_Task goal_
If pictures appear among the lines below, leave them out while you return exactly the lines from the one with "Extract purificat de" through the one with "EcoTools: Summer Travel".

_Records for this task_
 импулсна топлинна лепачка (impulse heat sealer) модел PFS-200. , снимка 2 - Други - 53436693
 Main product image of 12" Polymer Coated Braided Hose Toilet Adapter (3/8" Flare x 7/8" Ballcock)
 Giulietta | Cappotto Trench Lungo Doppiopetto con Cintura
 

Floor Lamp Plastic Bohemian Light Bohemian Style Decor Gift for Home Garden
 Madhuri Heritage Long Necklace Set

...

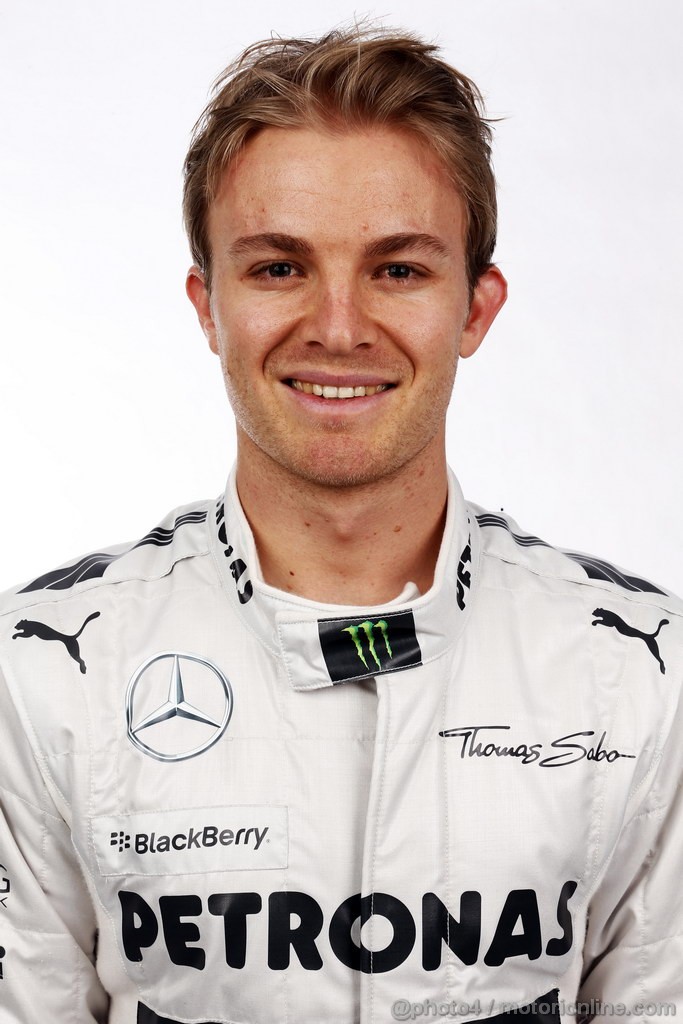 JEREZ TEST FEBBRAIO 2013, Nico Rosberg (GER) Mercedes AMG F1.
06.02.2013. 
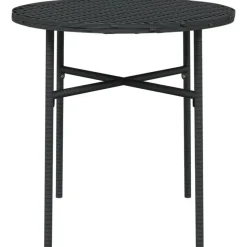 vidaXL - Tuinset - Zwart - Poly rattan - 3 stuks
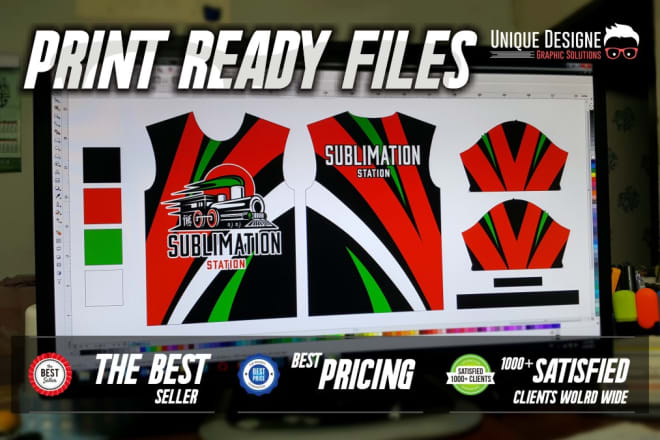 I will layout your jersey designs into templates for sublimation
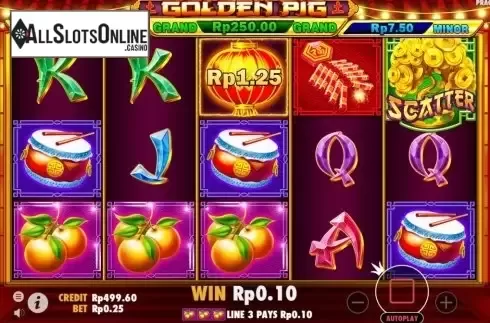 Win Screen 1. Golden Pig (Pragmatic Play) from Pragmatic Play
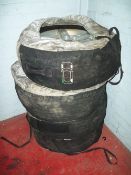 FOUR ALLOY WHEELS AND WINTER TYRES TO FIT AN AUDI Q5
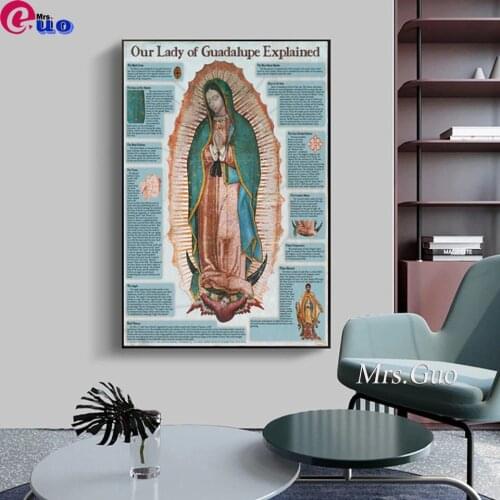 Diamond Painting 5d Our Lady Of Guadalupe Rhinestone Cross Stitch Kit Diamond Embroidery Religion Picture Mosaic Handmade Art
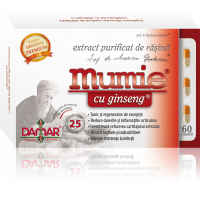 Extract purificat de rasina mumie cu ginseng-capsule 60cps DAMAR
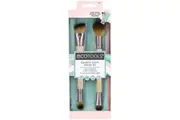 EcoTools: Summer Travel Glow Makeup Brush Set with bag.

_Completed exercise_
 Extract purificat de rasina mumie cu ginseng-capsule 60cps DAMAR
 EcoTools: Summer Travel Glow Makeup Brush Set with bag.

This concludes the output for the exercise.